On a eu la gentillesse de m’inscrire comme membre du jury qui doit consacrer les meilleurs cavistes du monde. Le concours est parrainé par une grande marque de champagne, Laurent-Perrier. Le jury doit « forcément » préparer les critères de sélection. Est-ce une excuse pour se retrouver ? Oui. Cela se fera dans le restaurant Le Petit Verdot, rue du Cherche-Midi, que Hidé vient de reprendre. Hidé, ex-sommelier de Cordeilhan Bages, était l’âme d’Hiramatsu dont j’ai abondamment vanté les mérites. Injustement privé de la concrétisation de son installation dans l’ex-Faugeron, il a racheté ce petit local où il fera, j’en suis sûr, une immense cuisine. Nous nous retrouvons, avec Didier Depond, l’âme (lui aussi) de Salon (mâtin quel champagne comme dirait Gotlib dans Pilote), avec un sommelier historique et talentueux, avec le président de l’association des cavistes indépendants, avec quelques autres membres du jury, et nous travaillons. Les arrivées des jurés s’étalant sur une plage extrêmement longue, nous attendons les tardifs avec un nombre coquet de Laurent Perrier Grand Siècle. Ça coule tellement bien ! Celui-ci doit être un assemblage de 1995, 1997 et 2000. Une attaque résolument champagne, avec une densité en bouche magistrale. Le final est un peu plus discret, mais cette expression de champagne est d’une sincérité extrême. Le menu n’est pas fait, je regarde la carte des vins où Hidé a encore un peu trop le souvenir des prix des grands étoilés, et j’ai un déclic. Il nous faut le Laurent-Perrier sur l’andouillette AAA et peut-être plus de A, et un Chambertin Armand Rousseau sur la lotte. Comme Hidé n’a qu’une seule bouteille de 1992, on prendra 1995 et 1992.

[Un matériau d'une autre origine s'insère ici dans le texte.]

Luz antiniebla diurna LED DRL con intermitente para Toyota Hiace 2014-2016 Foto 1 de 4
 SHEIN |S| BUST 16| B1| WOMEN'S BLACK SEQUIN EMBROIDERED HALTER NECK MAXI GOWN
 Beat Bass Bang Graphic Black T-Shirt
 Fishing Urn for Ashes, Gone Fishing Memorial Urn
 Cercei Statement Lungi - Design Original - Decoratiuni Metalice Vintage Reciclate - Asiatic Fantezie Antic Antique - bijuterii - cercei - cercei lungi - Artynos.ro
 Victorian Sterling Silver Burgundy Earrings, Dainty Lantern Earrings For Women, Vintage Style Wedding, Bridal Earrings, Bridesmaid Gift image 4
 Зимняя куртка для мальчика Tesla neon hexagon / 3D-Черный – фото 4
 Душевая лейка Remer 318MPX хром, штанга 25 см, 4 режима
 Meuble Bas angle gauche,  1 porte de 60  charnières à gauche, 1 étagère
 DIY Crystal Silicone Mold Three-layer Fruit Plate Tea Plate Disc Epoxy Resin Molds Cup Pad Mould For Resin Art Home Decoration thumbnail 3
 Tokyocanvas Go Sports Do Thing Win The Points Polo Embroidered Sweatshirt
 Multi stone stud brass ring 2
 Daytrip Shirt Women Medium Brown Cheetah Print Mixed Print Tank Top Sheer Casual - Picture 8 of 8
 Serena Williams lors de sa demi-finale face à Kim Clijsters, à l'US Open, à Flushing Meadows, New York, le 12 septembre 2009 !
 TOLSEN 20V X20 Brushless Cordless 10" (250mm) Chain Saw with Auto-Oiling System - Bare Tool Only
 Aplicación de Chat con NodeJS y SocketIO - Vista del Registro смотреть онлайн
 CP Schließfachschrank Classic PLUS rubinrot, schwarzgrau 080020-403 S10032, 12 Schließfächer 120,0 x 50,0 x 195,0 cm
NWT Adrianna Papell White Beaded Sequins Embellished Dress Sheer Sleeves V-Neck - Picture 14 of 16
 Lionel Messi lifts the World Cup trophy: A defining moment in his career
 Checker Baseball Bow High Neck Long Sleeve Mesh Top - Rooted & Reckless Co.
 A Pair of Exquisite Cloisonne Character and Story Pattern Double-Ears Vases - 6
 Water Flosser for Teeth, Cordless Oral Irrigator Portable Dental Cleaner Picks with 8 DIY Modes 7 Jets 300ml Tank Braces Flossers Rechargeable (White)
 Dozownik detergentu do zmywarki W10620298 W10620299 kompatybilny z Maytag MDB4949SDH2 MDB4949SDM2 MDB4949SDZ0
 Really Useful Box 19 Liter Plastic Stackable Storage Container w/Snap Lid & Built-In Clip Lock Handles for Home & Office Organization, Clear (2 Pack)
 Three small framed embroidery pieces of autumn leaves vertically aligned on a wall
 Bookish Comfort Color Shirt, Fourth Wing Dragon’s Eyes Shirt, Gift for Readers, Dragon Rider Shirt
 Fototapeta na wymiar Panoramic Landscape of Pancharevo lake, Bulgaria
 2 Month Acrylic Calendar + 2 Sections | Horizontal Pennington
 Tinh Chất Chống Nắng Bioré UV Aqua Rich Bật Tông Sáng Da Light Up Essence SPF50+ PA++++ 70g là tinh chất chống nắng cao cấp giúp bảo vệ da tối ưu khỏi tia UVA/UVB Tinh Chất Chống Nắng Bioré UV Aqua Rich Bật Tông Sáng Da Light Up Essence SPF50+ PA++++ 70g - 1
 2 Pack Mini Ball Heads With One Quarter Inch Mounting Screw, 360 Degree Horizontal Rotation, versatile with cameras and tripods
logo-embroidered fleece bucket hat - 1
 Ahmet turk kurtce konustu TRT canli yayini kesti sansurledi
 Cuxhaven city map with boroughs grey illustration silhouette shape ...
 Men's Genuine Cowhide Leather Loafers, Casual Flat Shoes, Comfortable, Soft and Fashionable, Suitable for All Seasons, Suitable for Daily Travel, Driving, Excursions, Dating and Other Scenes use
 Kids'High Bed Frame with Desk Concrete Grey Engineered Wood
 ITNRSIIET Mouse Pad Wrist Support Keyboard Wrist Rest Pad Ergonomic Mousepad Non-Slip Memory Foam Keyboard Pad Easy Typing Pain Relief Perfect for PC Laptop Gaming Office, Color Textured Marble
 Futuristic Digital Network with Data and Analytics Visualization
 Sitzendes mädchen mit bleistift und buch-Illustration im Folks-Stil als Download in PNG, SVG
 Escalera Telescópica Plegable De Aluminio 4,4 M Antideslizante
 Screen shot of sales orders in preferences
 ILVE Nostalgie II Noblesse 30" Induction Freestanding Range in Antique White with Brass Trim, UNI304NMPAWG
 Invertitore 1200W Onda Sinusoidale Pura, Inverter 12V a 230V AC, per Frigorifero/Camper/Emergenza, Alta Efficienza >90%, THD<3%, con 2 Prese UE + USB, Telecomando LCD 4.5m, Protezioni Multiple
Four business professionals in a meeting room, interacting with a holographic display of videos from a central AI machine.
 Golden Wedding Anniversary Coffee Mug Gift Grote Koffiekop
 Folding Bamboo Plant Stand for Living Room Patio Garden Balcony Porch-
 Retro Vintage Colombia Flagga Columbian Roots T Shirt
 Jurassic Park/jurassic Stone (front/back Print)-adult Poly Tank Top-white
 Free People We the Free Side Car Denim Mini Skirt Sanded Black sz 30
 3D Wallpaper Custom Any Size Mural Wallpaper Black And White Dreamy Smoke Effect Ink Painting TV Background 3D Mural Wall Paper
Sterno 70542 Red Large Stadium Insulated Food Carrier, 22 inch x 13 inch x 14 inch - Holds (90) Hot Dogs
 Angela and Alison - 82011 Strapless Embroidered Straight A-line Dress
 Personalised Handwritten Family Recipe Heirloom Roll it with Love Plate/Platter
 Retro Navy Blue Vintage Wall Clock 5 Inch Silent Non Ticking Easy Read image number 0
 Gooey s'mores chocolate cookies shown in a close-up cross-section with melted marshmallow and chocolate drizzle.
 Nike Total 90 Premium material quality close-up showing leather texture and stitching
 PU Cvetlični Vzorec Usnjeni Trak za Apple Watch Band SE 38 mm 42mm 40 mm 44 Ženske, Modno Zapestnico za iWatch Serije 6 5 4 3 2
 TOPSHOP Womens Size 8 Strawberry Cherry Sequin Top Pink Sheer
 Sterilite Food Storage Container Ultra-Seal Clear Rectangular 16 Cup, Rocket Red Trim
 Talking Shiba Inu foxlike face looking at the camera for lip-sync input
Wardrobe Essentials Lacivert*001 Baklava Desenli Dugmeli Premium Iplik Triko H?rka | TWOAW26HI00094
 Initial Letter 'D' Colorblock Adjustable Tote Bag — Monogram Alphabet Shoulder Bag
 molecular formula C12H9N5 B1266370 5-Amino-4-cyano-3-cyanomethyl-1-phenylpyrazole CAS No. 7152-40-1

L’andouillette est malheureusement associée à une sauce vinaigrée aux oignons. Il eût fallu une andouillette dans sa pureté, car le Laurent Perrier Grand Siècle ne demande que cela.
Avec la lotte, le Chambertin Armand Rousseau 1995 brille de façon exceptionnelle. Ce vin prend aux tripes. Sensuel, charmeur, intense, il trouve un écho dans la chair lourde du poisson qui est purement transcendantale. Peu des participants, grands experts devant l’éternel, auraient osé ce mariage qui s’est révélé de rêve. J’avais peur que le 1992, nettement plus mûr, ne rebute mes collègues du jury. Or en fait tout le monde suivit avec bonheur ce vin déjà plus affirmé, sans marquer la moindre réticence. Le vin avait une telle trace lourde et magique en bouche qu’aucun dessert ne s’imposait. Une ravissante convive ayant réclamé du sucré, du chocolat accueillit un Porto Taylor 1999 de charme évident. Fut-on studieux ? Je ne sais pas, car les occasions de se dissiper par des anecdotes passionnantes étaient nombreuses. Mais on se souviendra de ce dîner chez Hidé, au petit Verdot, table qui sera demain (elle l’est déjà) une table incontournable.